To determine the interval where the function \( f(x) = x^2 - 4x + 6 \) is increasing, we follow these steps.
1. Calculate the First Derivative:
The first derivative of \( f(x) \) is found by:
\( f'(x) = \frac{d}{dx}(x^2 - 4x + 6) = 2x - 4 \)
2. Find Critical Points:
Set the first derivative to zero to find critical points:
\( 2x - 4 = 0 \Rightarrow x = 2 \)
This critical point divides the number line into two intervals: \( (-\infty, 2) \) and \( (2, \infty) \).
3. Analyze the Sign of the Derivative:
- For \( x<2 \), let \( x = 1 \). \( f'(1) = 2(1) - 4 = -2 \). The derivative is negative, indicating the function is decreasing.

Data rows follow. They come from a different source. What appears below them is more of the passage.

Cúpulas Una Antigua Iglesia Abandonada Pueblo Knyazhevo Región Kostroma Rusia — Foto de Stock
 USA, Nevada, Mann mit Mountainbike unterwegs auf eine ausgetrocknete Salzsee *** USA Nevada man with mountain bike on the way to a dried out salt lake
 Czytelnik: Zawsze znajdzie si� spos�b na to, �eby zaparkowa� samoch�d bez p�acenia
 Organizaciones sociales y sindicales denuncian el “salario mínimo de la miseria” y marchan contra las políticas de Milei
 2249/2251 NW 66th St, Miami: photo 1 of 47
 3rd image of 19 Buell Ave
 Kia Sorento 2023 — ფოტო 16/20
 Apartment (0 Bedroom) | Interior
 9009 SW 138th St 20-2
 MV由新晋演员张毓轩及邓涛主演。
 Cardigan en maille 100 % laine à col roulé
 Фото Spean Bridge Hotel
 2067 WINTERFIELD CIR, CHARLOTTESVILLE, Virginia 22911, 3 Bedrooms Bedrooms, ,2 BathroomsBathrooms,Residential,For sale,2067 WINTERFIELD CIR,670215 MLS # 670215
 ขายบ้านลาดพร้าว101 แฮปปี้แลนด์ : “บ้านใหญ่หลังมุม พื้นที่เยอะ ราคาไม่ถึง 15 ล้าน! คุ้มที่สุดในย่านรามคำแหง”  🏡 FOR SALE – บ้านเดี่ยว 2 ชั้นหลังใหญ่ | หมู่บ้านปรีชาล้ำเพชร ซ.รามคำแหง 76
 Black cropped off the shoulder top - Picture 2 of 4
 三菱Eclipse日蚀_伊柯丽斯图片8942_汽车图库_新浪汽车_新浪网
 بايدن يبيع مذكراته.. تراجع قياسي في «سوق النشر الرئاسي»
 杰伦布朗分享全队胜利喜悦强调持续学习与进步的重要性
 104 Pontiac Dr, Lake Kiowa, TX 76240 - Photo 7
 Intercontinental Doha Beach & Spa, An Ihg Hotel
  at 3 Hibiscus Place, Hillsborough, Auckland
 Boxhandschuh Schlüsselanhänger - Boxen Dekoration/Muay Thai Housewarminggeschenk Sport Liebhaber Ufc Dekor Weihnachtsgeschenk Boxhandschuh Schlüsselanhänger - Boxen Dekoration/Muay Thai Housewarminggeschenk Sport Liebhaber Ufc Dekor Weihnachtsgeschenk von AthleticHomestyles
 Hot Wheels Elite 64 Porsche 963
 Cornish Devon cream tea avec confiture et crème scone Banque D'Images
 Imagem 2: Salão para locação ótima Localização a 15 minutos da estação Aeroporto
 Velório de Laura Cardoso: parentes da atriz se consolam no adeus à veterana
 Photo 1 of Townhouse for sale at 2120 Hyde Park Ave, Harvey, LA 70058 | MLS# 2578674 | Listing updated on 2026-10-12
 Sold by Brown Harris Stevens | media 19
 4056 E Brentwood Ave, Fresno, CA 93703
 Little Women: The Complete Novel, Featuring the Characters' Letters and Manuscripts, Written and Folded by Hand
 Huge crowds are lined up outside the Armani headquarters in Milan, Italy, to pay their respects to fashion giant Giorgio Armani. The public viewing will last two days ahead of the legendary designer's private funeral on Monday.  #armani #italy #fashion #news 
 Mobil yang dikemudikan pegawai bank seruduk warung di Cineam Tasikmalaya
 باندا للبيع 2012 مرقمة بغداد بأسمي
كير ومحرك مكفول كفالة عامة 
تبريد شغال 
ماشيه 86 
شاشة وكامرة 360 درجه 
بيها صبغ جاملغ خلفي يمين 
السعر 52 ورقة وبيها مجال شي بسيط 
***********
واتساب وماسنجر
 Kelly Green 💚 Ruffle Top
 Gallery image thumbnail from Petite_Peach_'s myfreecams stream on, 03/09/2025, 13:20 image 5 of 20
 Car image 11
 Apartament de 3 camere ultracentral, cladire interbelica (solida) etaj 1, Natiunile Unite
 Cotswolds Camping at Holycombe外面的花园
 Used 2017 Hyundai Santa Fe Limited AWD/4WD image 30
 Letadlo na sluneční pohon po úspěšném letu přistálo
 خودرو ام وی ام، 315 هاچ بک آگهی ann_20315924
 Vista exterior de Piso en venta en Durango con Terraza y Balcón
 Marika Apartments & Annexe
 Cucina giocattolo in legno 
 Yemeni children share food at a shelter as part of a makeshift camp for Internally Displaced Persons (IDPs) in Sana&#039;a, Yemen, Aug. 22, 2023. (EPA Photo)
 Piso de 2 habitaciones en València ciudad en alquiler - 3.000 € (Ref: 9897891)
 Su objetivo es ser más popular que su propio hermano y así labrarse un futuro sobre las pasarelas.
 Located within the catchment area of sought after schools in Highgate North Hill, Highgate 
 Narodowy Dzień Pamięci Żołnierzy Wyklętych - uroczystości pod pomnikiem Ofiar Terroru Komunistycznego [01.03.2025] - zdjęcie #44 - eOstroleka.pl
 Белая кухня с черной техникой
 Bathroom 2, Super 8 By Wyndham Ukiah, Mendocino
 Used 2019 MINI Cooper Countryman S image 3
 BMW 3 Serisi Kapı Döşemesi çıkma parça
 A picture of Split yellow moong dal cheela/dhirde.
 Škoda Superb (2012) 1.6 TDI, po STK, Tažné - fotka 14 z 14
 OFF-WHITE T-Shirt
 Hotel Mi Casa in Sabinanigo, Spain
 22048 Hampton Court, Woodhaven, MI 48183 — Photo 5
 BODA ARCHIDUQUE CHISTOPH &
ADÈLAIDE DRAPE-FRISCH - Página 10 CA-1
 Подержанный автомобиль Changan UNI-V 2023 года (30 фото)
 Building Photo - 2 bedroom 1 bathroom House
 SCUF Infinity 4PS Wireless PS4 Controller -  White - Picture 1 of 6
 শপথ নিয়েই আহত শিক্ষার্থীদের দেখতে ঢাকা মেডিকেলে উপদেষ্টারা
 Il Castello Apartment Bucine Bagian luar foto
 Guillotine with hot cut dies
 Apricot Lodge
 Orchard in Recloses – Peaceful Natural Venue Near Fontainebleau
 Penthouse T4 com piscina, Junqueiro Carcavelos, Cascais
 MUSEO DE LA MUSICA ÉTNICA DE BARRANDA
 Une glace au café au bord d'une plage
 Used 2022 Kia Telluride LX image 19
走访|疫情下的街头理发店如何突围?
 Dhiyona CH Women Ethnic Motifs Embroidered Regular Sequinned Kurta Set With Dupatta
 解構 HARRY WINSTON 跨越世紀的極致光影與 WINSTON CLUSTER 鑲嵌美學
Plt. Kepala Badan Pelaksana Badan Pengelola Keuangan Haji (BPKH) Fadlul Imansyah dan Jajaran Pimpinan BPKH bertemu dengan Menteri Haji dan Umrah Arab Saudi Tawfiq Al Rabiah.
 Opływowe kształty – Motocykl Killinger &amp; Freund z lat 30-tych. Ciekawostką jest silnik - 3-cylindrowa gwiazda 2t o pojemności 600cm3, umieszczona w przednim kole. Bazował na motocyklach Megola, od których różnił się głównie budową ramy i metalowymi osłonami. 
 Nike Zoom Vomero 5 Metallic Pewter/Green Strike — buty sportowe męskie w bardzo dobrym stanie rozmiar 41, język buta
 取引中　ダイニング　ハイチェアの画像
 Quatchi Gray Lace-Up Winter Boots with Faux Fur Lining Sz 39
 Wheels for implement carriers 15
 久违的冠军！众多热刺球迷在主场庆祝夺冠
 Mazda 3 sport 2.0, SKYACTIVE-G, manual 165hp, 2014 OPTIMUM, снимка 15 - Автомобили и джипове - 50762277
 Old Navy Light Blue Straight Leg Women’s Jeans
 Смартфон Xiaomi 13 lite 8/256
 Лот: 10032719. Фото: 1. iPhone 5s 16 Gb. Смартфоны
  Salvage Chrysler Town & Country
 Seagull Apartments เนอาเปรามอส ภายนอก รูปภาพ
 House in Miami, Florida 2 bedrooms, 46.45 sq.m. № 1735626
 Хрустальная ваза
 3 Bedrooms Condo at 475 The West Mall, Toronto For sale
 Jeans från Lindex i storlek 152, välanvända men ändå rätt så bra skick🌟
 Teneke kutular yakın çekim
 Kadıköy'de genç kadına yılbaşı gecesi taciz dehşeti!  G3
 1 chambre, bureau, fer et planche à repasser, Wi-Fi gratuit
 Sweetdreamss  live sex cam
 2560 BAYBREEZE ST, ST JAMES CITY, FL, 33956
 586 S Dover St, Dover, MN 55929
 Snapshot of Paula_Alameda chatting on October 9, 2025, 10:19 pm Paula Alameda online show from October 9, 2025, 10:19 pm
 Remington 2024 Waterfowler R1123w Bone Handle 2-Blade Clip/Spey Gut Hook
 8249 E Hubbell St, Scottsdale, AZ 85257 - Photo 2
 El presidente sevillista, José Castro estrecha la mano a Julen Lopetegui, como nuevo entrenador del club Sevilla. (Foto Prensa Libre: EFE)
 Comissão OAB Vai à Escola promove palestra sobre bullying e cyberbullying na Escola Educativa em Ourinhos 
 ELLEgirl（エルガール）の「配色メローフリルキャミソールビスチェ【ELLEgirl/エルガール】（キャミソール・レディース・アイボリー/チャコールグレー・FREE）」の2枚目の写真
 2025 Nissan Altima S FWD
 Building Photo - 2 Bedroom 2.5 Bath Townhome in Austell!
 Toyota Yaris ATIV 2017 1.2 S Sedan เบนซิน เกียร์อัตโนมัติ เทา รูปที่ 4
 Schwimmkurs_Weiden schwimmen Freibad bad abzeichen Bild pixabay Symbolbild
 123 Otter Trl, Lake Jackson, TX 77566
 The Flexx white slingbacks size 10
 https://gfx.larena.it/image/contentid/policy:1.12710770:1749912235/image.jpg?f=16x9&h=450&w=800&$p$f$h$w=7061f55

- For \( x>2 \), let \( x = 3 \). \( f'(3) = 2(3) - 4 = 2 \). The derivative is positive, indicating the function is increasing.
4. Conclusion:
The function is strictly increasing in the interval \( (2, \infty) \). While \( x = 2 \) is a stationary point where the derivative is zero, the interval of increase begins immediately after \( x = 2 \). Given the options, the closest representation of the increasing interval is:
(D) [2, ∞)
Final Answer:
The function is increasing in the interval [2, ∞).